C'e una forbice enorme tra il 5-10% dei detenuti che commettono recidiva dopo aver lavorato in carcere e l'80-90% della recidiva di chi non ha lavorato. E' il dato presentato dal ministro Alfano, intervenuto, oggi, nel carcere romano di Rebibbia agli Stati generali dell'esecuzione penale.

«Spesso l'idea di offrire sicurezza ai cittadini è stata vista come antagonista a quella di offrire una rieducazione al detenuto» ha commentato il ministro. «Ci dobbiamo chiedere se a chi ha sbagliato nella vita, l'ordinamento democratico intende offrire o meno una seconda chance. E questa seconda chance si può conciliare e sposare col dolore della vittima?». Il rischio di chi governa, aggiunge Alfano, è di «sbagliare questo punto di equilibrio. Un Paese capace di trovare questo equilibrio è un Paese avanzato».
Secondo il ministro, dunque, «chi lavora in carcere trova un'altra vita fuori. Quelli che non lo fanno, escono e commettono un altro reato. Il realismo ci impone di affermare che l'investimento nel lavoro in carcere è un investimento per la sicurezza della società».
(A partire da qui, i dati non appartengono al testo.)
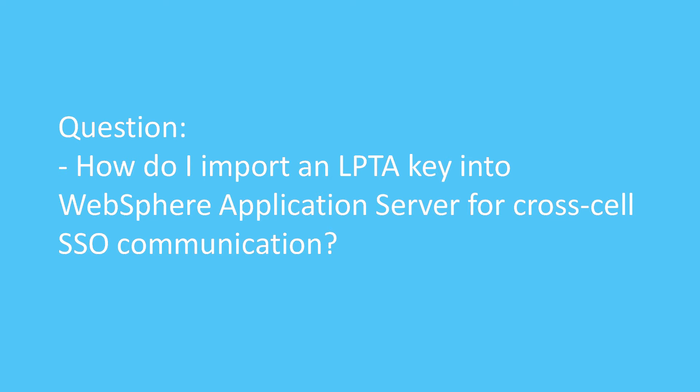Question. How do I import an LPTA key into WebSphere application server for cross-cell SSO communication?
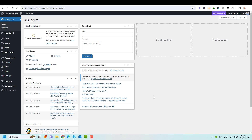Hello everyone, Shreef Obazid here with a new video about Cadence. Today I want to show you quickly the different layouts that you can have for your blog posts if you are using the Cadence theme.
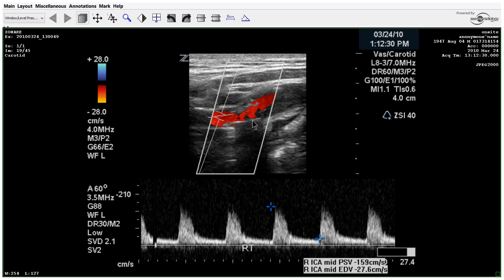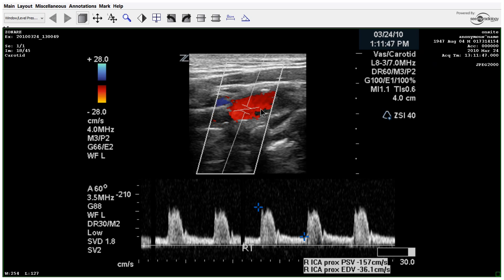Here we've taken what appears to be just beyond the plaque, but I would have preferred taking one or two more spectral samplings in here to make sure we captured the highest velocity. It's still a good representation at 157 over 36. We'll assume where they stopped the image was actually parallel to the wall, though the angle could definitely be improved.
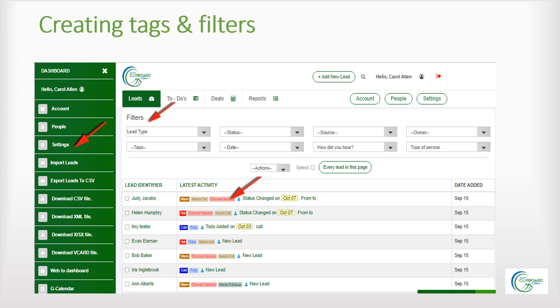Creating tags and filters. One of the absolute best features of the Sales Clipboard CRM is the ability to make and use customized tags and filters.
Il responsabile del Viminale ha ragionato, poi, sulla possibilità di inserire alcune forme di attenuazione e allentamento del 41 bis: «Non credo ci siano molte altre strade per evitare che i boss possano mandare messaggi all'esterno». «Con il massimo riguardo alle attenzioni umanitarie di chiunque - ha aggiunto - questa non è materia su cui ritengo si possano fare passi indietro».

Infine, un «no all'equazione islamismo-terrorismo: la regola secondo cui bisogna separare con nettezza chi prega da chi spara vale ancor di più nell'ambito delle carceri, dove è più alto il rischio di radicalizzazione». «Con il ministro Orlando e il Dipartimento dell'amministrazione penitenziaria - ha concluso Alfano - lavoriamo senza sosta per il monitoraggio della radicalizzazione in carcere. Di recente abbiamo arrestato ed espulso più di un soggetto grazie al contributo delle comunità islamiche che hanno segnalato le mele marce».